* **Work instruction**
The answer is the exact text of every line from the one that contains "FENDER American Professional" to the final line of the entries below, with pictures left out.

++++++

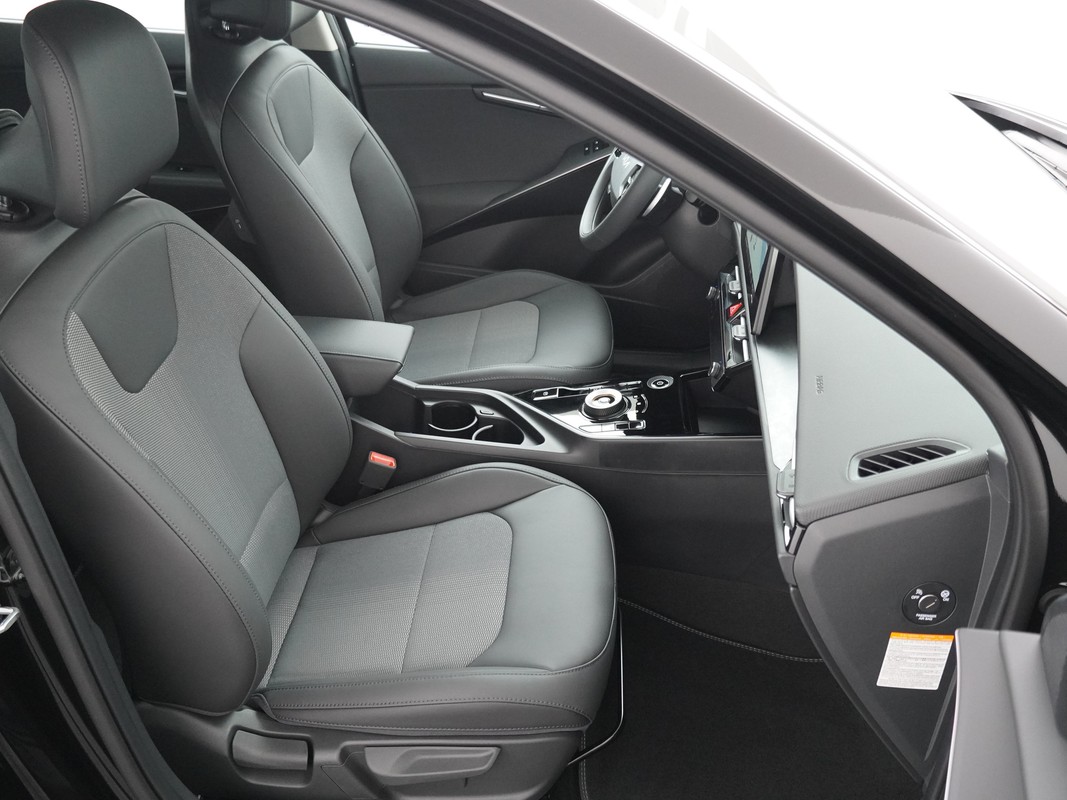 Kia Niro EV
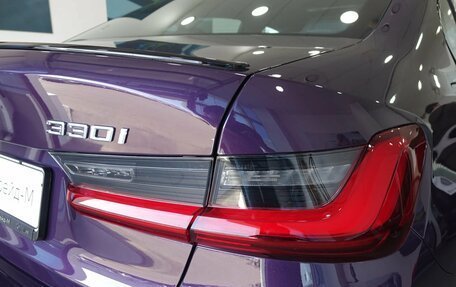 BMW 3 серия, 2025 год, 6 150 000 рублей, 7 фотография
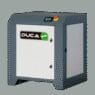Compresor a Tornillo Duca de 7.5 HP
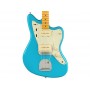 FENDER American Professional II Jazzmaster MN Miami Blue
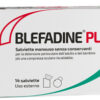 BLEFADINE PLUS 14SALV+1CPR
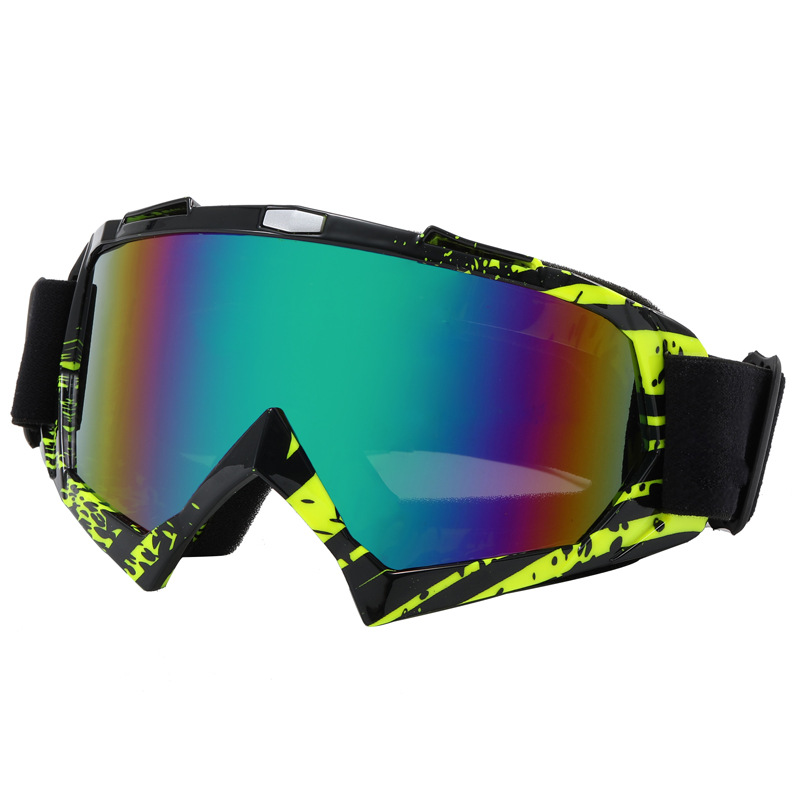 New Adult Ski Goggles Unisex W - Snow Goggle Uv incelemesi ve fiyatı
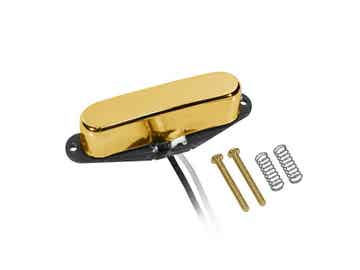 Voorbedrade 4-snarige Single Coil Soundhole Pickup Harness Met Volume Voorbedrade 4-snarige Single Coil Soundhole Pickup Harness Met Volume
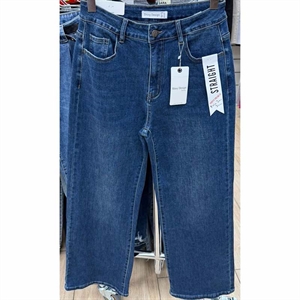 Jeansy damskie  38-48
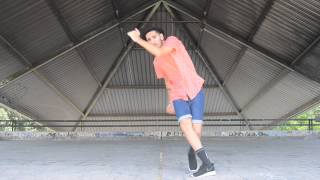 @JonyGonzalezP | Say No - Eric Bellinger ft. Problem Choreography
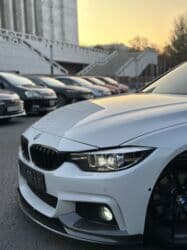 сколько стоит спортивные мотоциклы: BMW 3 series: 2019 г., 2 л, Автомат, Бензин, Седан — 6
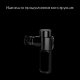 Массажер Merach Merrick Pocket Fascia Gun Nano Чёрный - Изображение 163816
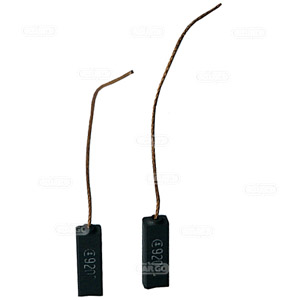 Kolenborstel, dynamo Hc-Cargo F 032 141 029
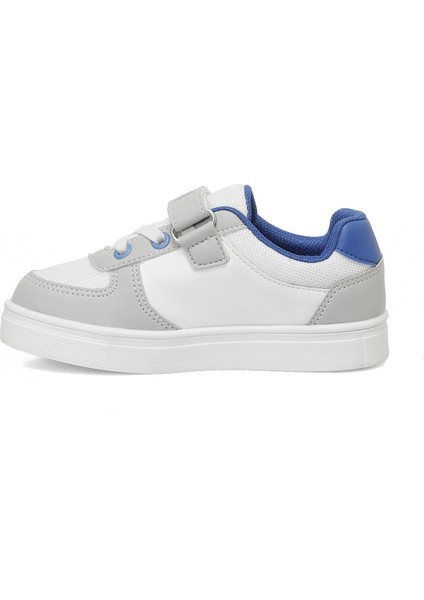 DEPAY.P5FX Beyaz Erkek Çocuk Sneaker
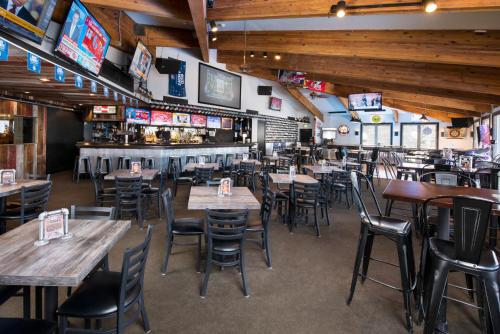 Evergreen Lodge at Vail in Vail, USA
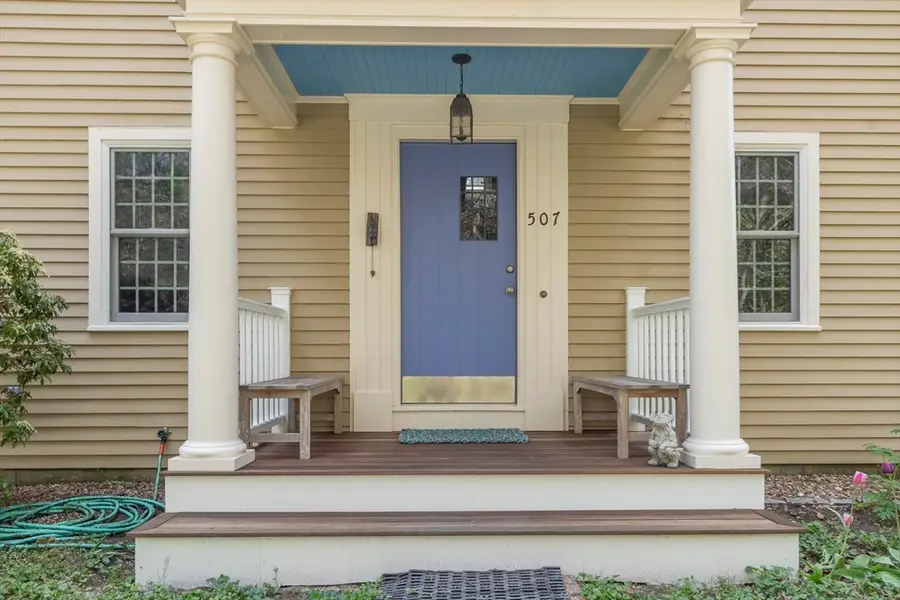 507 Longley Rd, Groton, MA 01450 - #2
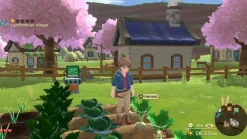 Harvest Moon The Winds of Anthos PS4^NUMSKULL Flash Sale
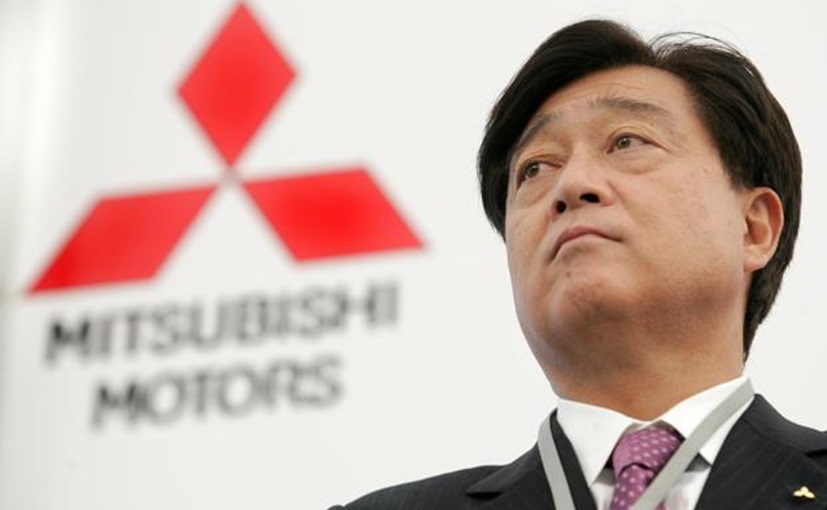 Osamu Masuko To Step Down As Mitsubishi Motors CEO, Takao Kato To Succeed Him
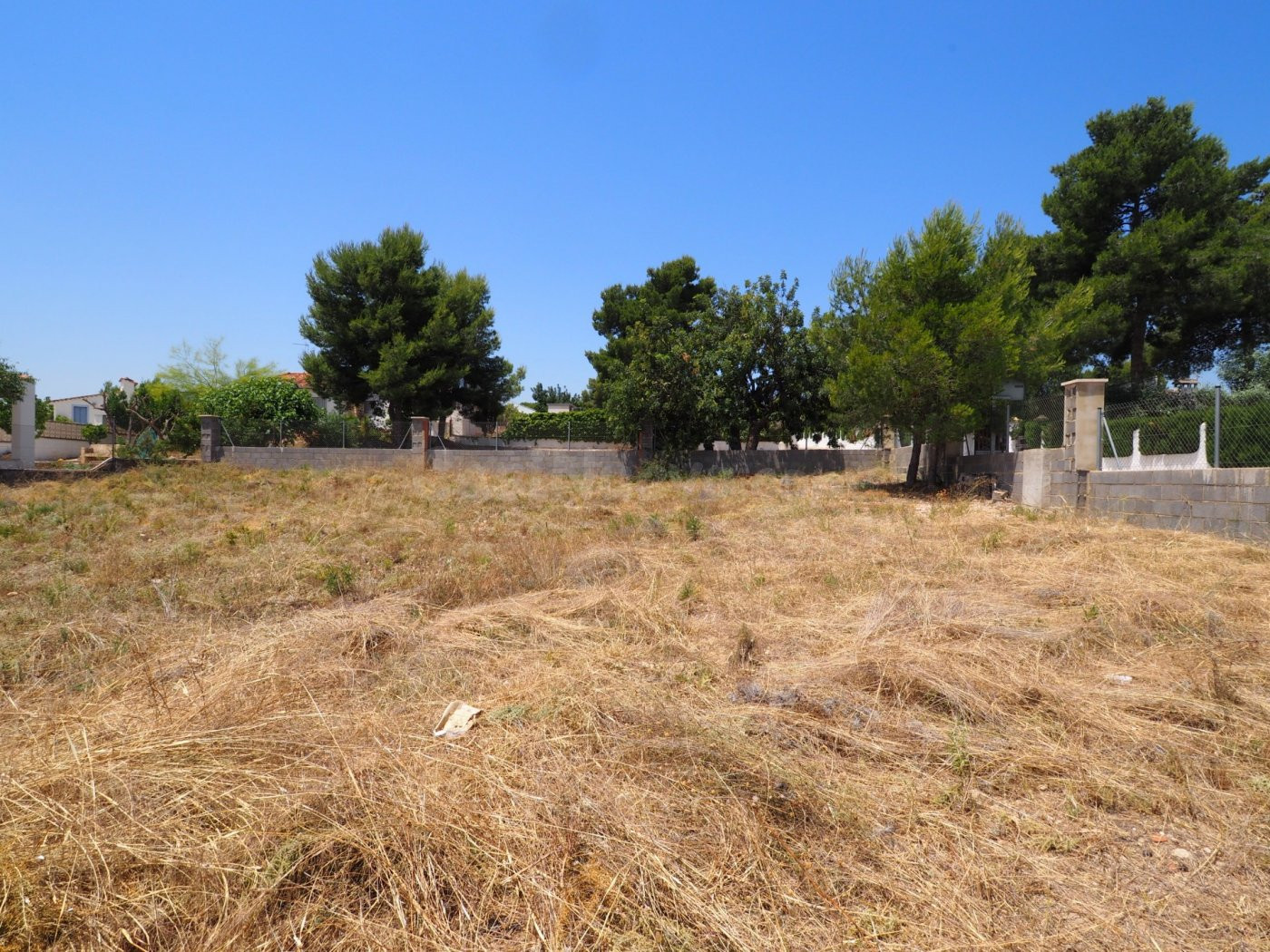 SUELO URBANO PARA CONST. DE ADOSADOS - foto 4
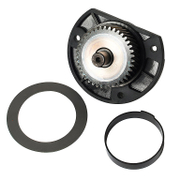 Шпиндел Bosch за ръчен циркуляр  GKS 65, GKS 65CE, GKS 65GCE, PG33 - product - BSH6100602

++++++

* **Response for this exercise**
 FENDER American Professional II Jazzmaster MN Miami Blue
 BLEFADINE PLUS 14SALV+1CPR
 New Adult Ski Goggles Unisex W - Snow Goggle Uv incelemesi ve fiyatı
 Voorbedrade 4-snarige Single Coil Soundhole Pickup Harness Met Volume Voorbedrade 4-snarige Single Coil Soundhole Pickup Harness Met Volume
 Jeansy damskie  38-48
 @JonyGonzalezP | Say No - Eric Bellinger ft. Problem Choreography
 сколько стоит спортивные мотоциклы: BMW 3 series: 2019 г., 2 л, Автомат, Бензин, Седан — 6
 Массажер Merach Merrick Pocket Fascia Gun Nano Чёрный - Изображение 163816
 Kolenborstel, dynamo Hc-Cargo F 032 141 029
 DEPAY.P5FX Beyaz Erkek Çocuk Sneaker
 Evergreen Lodge at Vail in Vail, USA
 507 Longley Rd, Groton, MA 01450 - #2
 Harvest Moon The Winds of Anthos PS4^NUMSKULL Flash Sale
 Osamu Masuko To Step Down As Mitsubishi Motors CEO, Takao Kato To Succeed Him
 SUELO URBANO PARA CONST. DE ADOSADOS - foto 4
 Шпиндел Bosch за ръчен циркуляр  GKS 65, GKS 65CE, GKS 65GCE, PG33 - product - BSH6100602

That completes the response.